Auch heute regnete es wieder in Strömen und es machte nicht den Anschein, als wollte es je wieder damit aufhören. Der Bürgermeister, der uns in der Früh nun noch einmal besuchte bot an, uns eine Unterkunft an unserem Zielort zu suchen. Wir dachten dabei eigentlich weder an einen Festsaal, doch leider war dieser außer Gefecht gesetzt, da sein Dach eingestürzt war. Stattdessen vermittelte er uns einen Platz in einem Chateau, also einem alten Herrenhaus etwas außerhalb des Ortes. Nach den Erfahrungen der letzten Tage waren wir auch dieses Mal etwas unsicher, ob es eine gute Idee war, diesen Platz anzunehmen. Es klang, als hätten wir einen Raum für uns und wären weitgehend unabhängig, aber irgendwie trauten wir dem Frieden nicht. Da heute der Stichtag für Shanias Wandlungsprozess war, lag es nahe, dass wir noch einmal mindestens genauso stark manipuliert wurden, wie an den letzten Tagen und tatsächlich zeigten die Muskeltests, dass es egal war, wie wir uns entschieden, weil uns alles mit zeitraubenden Illusionen konfrontieren würde. Wir hatten lediglich die Wahl, ob wir dabei ein altes Schloss kennenlernen wollten oder nicht. Da wir lange kein echtes Schloss mehr besichtigt hatten, entschieden wir uns dafür und auch wenn man zugeben muss, dass wir heute kaum mehr Zustande brachten als gestern, obwohl wir bereits um 12:00 ankamen, war es doch zumindest unterhaltsam und aufschlussreich.

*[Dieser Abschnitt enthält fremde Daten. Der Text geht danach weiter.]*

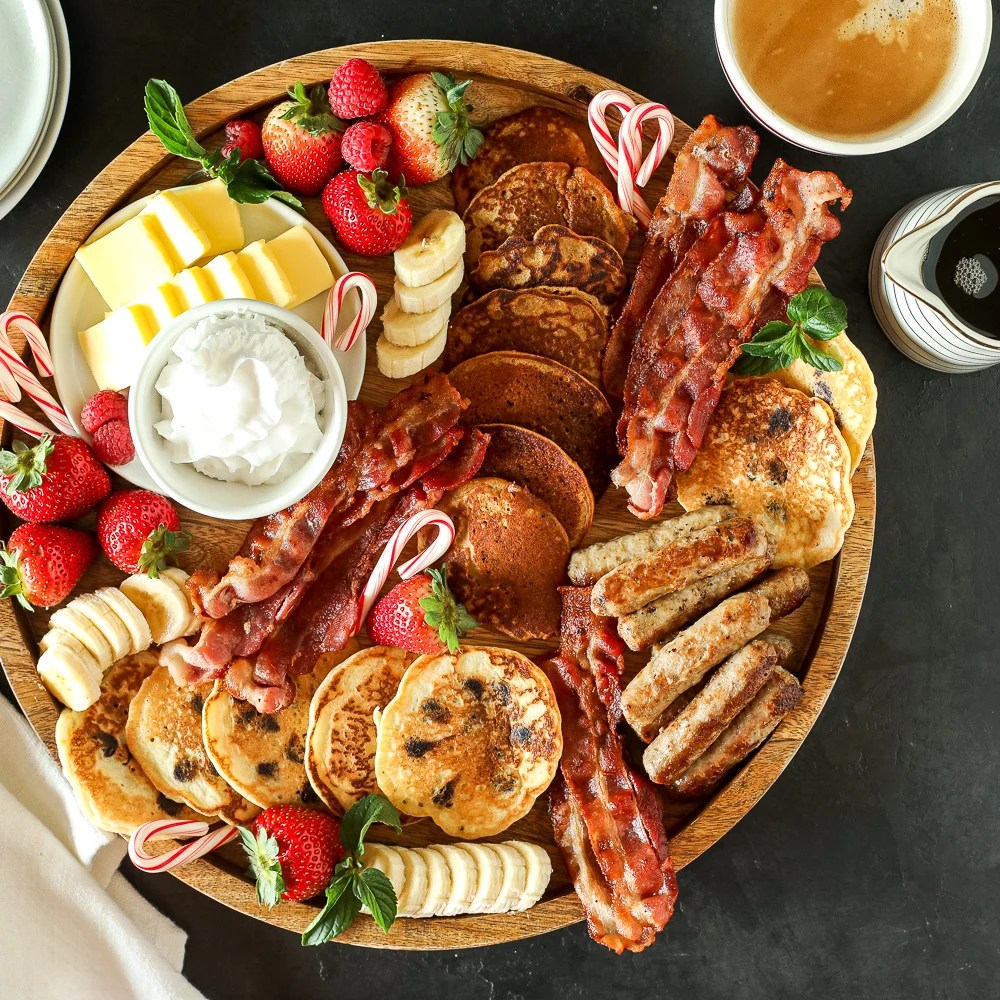 This Christmas Breakfast Board is such a fun and simple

Das Schloss mit dem darum liegenden Anwesen und den Nebengebäuden stammte aus dem 13. Jahrhundert und war im 17. Jahrhundert noch einmal vollkommen restauriert und überarbeitet worden. Es war also ein alter, traditioneller Adelsbesitz, der sich nun bereits seit vier Generationen in den Händen unserer Gastgeber befand. Von weiten lugten die alten herrschaftlichen Gebäude zwischen den Bäumen hindurch und wirkten noch immer so erhaben und imposant wie vor vielen Hundert Jahren. Doch bereits die Einfahrt verriet mit ihren unzähligen Schlaglöchern, dass die Glanzzeiten des Anwesens längst vergangen waren. Als wir das Portal erreichten, fühlten wir uns ein bisschen, als wären wir in der Eröffnungsszene eines Gruselfilms. Das Haupthaus war verriegelt und vom Zerfall angefressen. Der Hof war schlammig und voller Pfützen und Schlaglöcher, in denen ein paar freilaufende Hühner planschten. Lediglich ein Nebengebäude schien renoviert zu sein und dieses war, wie sich herausstellte, vermietet worden. Unser Kontakt lebte in einem weiteren Nebengebäude, das vom Hocheingang nicht sichtbar war. Er war ein edel gekleideter, vornehmer Mann, mit einem ebenso vornehm und edel eingerichteten Haus. Verantwortlich für das Anwesen und die dazugehörigen Ländereien war jedoch sein Bruder, der das genaue Gegenteil von ihm zu sein schien. Er lebte gemeinsam mit einer Frau, von der ich noch immer nicht genau sagen kann, ob es seine Ehefrau oder seine Mutter ist, in einem Seitenflügel des Haupthauses und hatte sich hier ein wohnliches Chaos eingerichtet. Es war ein typisch französischer Messi-Haushalt, nur dass die Räume hier mit lauter Antiquitäten voll gestellt waren, die sich seit Jahrhunderten hier befanden. An den Wänden hingen lebensgroße Ölportraits von alten militärischen Würdenträgern, die wahrscheinlich einst in diesem Anwesen gelebt hatten. Daneben lehnte eine farbbekleckste Leiter an der stuckverzierten Wand. Draußen vor der Tür befand sich ein Hühnerstall, in dem rund 20 Hühner herumflitzten, die anders als die meisten ihrer domestizierten Artgenossen erstaunlich munter unterwegs waren. Nebenan grasten ein paar Schafe und im Hintergrund schauten uns die Pferde zu. Von hier aus wirkte das Anwesen nun eher wie ein Streichelzoo oder ein Mitmachbauernhof als wie ein Fürstentum.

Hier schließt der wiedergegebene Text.